The study conducts SWOT analysis to evaluate strengths and weaknesses of the key players in the Cryptocurrency Market. Further, the report conducts an intricate examination of drivers and restraints operating in the market. The report also evaluates the trends observed in the parent market, along with the macro-economic indicators, prevailing factors, and market appeal according to different segments. The report also predicts the influence of different industry aspects on the Cryptocurrency Market segments and regions.

Researchers also carry out a comprehensive analysis of the recent regulatory changes and their impact on the competitive landscape of the industry. The research assesses the recent progress in the competitive landscape including collaborations, joint ventures, product launches, acquisitions, and mergers, as well as investments in the sector for research and development.

Cryptocurrency is a digital asset designed to work as a medium of exchange; it uses cryptography to verify and secure transactions.

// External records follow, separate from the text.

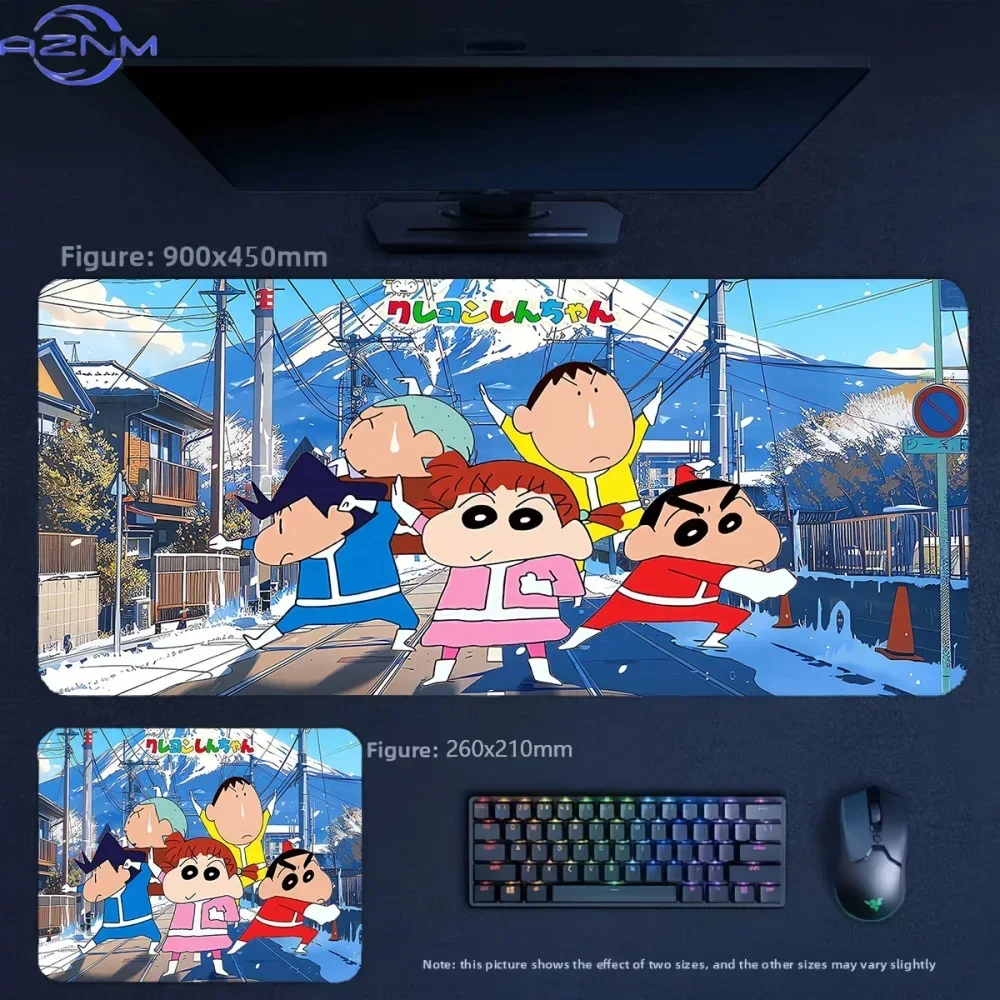 Crayon Shin‑chan Friends Winter Mount Fuji Anime Mousepad, Rubber Non‑Slip Large Desk Mat, Cool Cartoon Gaming Mouse Pad for Key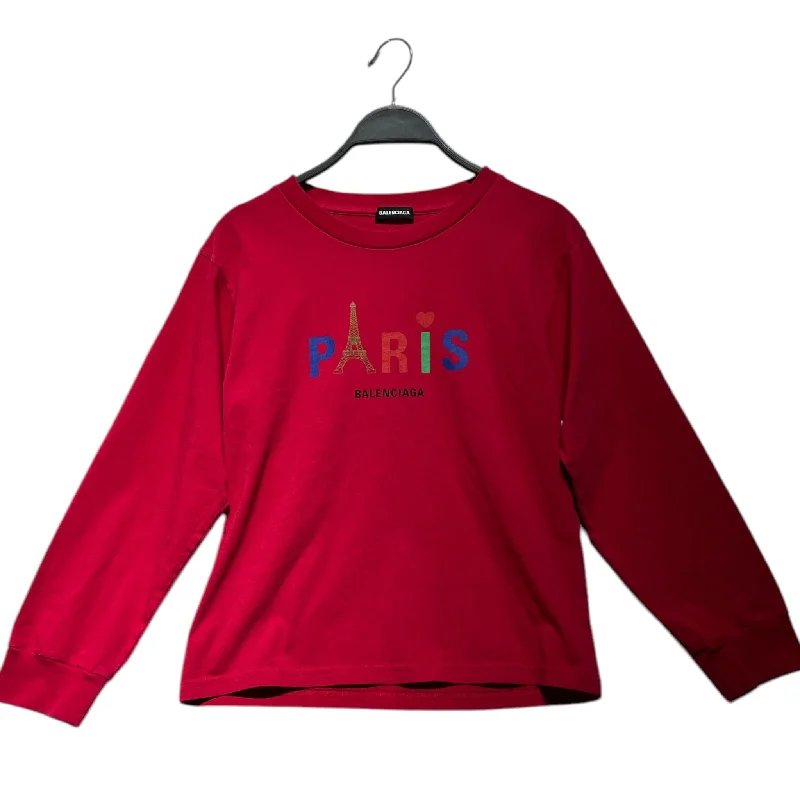 BALENCIAGA/LS T-Shirt/10/Cotton/RED/Balenciaga Paris Spell Out LS Mesh Fabric Canvas Fabric Denim Fabric BALENCIAGA/LS T-Shirt/10/Cotton/RED/Balenciaga Paris Spell Out LS Mesh Fabric Canvas Fabric Denim Fabric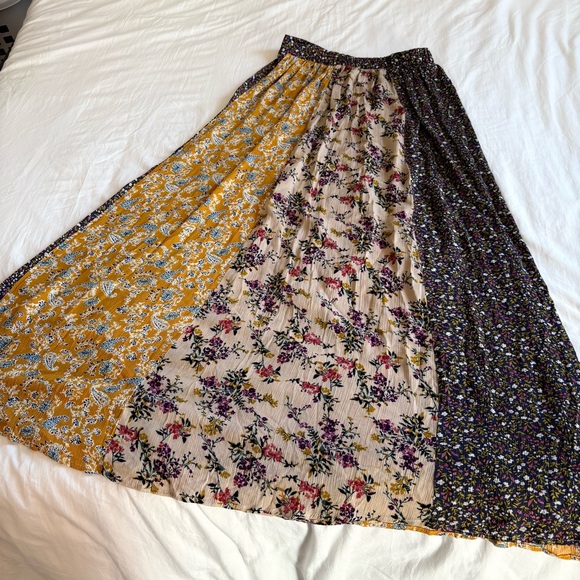 New NATURAL LIFE Valentina patchwork 
Mixed Floral Maxi Skirt boho Size Small - Picture 10 of 11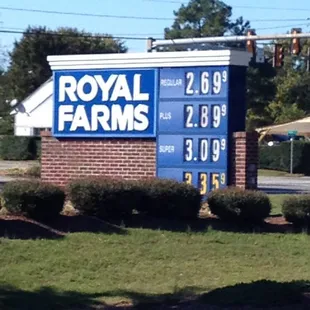 the price sign for the store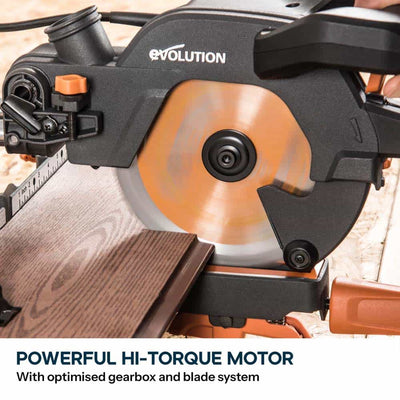 Evolution R185SMS+ 185mm Sliding Compound Mitre Saw With TCT Multi-Material Cutting Blade (230V)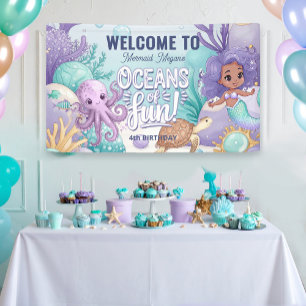 Banderoles Océans de Fun Mermaid Anniversaire V2 ID1142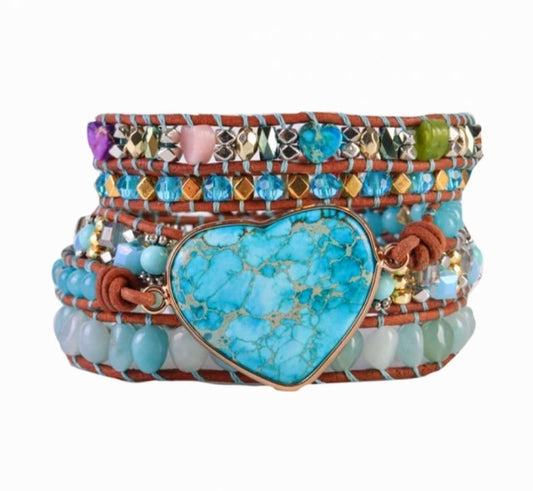 NYHET 2025 ! BOHO WRAP BRACELET 5 rader armbÅnd med stor Imperial Jasper Hjertesten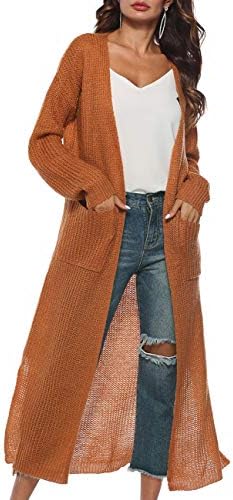 Womens Long Cardigan Long Sleeve Open Front Split Knit Cardigan Sweater Long Maxi Cardigan Pockets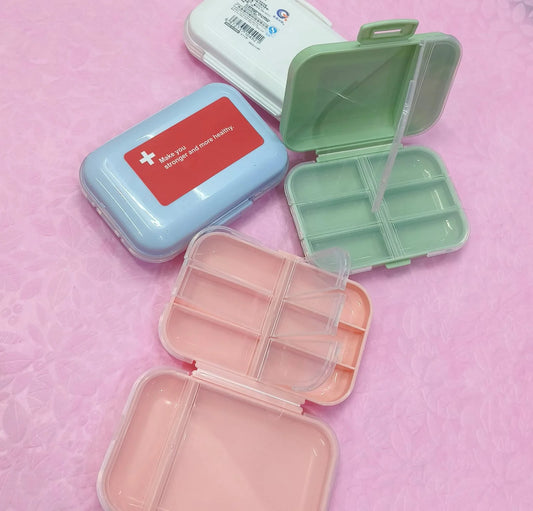 7047 8 Compartments Pill Case Organizer Travel Pill Box Moisture Proof Small Daily Pill Box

Rising demand for the cryptocurrency due to its minimum exchange rates and low charges across international transactions are further booming the growth of the market. Moreover, acceptance of cryptocurrency across the globe and the secure transaction also impacting on the growth of the cryptocurrency market.

Scope of the study:

The research on the Cryptocurrency Market focuses on mining out valuable data on investment pockets, growth opportunities, and major market vendors to help clients understand their competitors methodologies. The research also segments the Cryptocurrency Market on the basis of end user, product type, application, and demography for the forecast period 20202027. Comprehensive analysis of critical aspects such as impacting factors and competitive landscape are showcased with the help of vital resources, such as charts, tables, and infographics.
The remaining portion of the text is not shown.